July and August were widely referred to as the worst months of winter in the UK, with the jet stream (the undulating air current that blows west to east around Earth at an altitude of 5-7 miles high, that strongly influences our weather) sitting further south than usual and allowing a succession of low pressure systems to move over the UK. The result was many days that paired bad weather with poor surf. There were occasional windows of opportunity for surfers however, and sticking to the unseasonal theme, one of the best ones saw the south coast’s premiere winter break light up following the first named storm of the season in early August. Storm Antoni brought gusts of winds that reached almost 80mph to the South West, but before it made landfall it also sent a pulse of swell that peaked at 24 feet at 14 seconds. C-Skins team rider Adam ‘Bearman’ Griffiths normally has his hands full in early August running multiple beachfront businesses in Newquay, but the beaches were red flagged and few people were venturing out, so he was able to take a day to go barrel hunting.
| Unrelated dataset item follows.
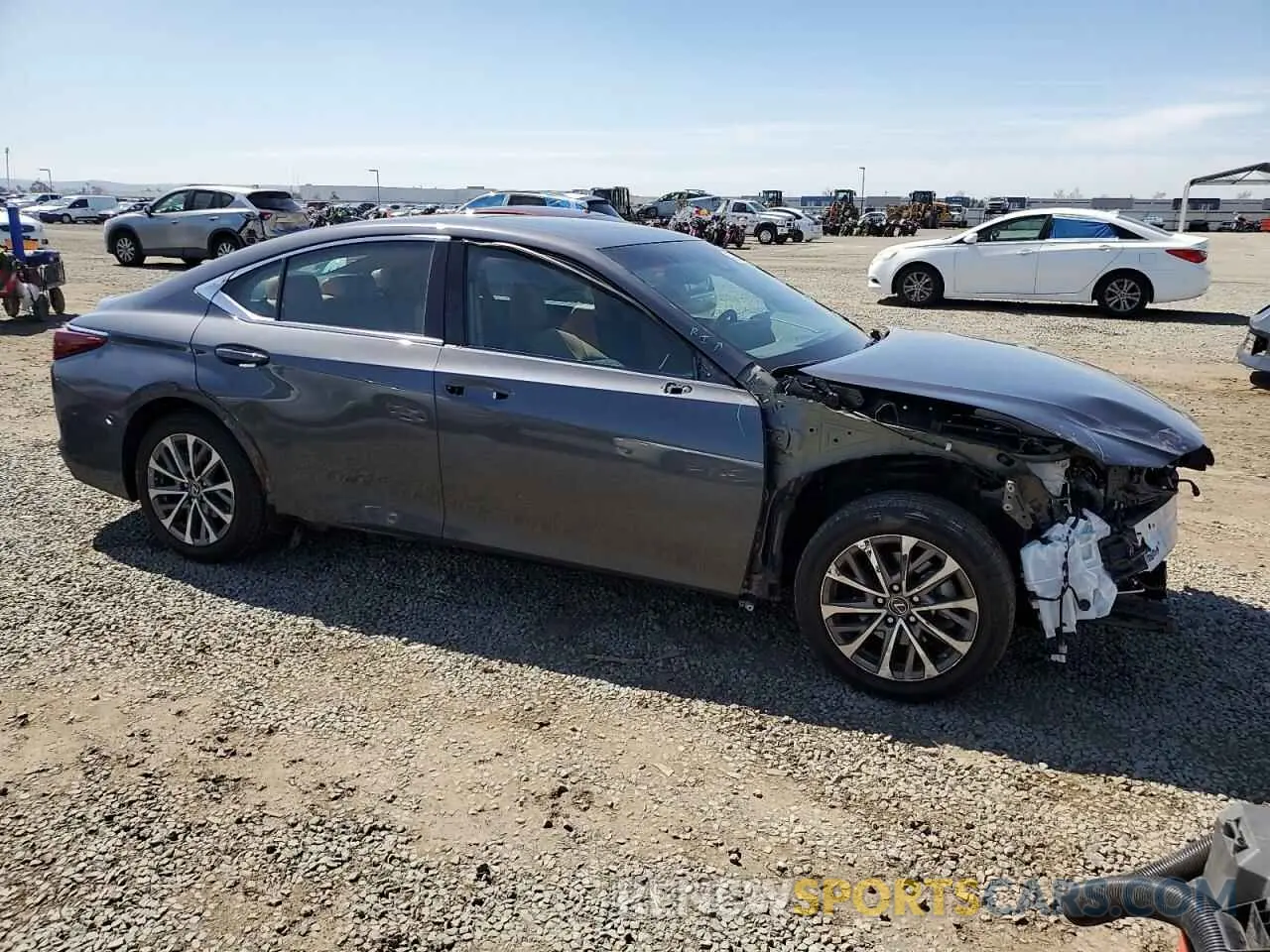 4 fotografías del automóvil dañado 58ACZ1B11NU136656 LEXUS ES350 2022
adam bearman griifiths pulling into a barrel at Porthleven in early august

Bearman channelling a winter mindset in mid-summer. Photographed by @rtshots


Date: 3rd August 2023
Swell height and period: 12ft @12 seconds
Wind direction and strength: NNW
Location: Cornwall’s South Coast
Board: 6’4” Skindog Betta Twin
Wetsuit: Rewired 3:2 Mens Chest Zip Steamer

Tell us about this run of swell…
This definitely was a bonus summer swell. I hadn’t been surfing much in the run-up as it’s peak season for my business so I’d been busy with work, but this day came up and Tom Butler was keen for a surf day. We ended up having three surfs at three different spots down south that day.

And this particular session?
It wasn’t a perfect solid swell - it had peaked overnight so the swell was fading and it was an outgoing tide. The wind had picked up a bit again, although the faces were still clean, and there weren’t many other surfers out. There was a small 40-minute window where it turned on and I managed to snag a few waves.

Can you talk us through this wave:
On this particular wave I got a roll-in to the inside section which turned into a little nice little tube. It was certainly a rare thing for this spot at this time of year, and felt strange to be surfing here without booties on, so it was something to be grateful for!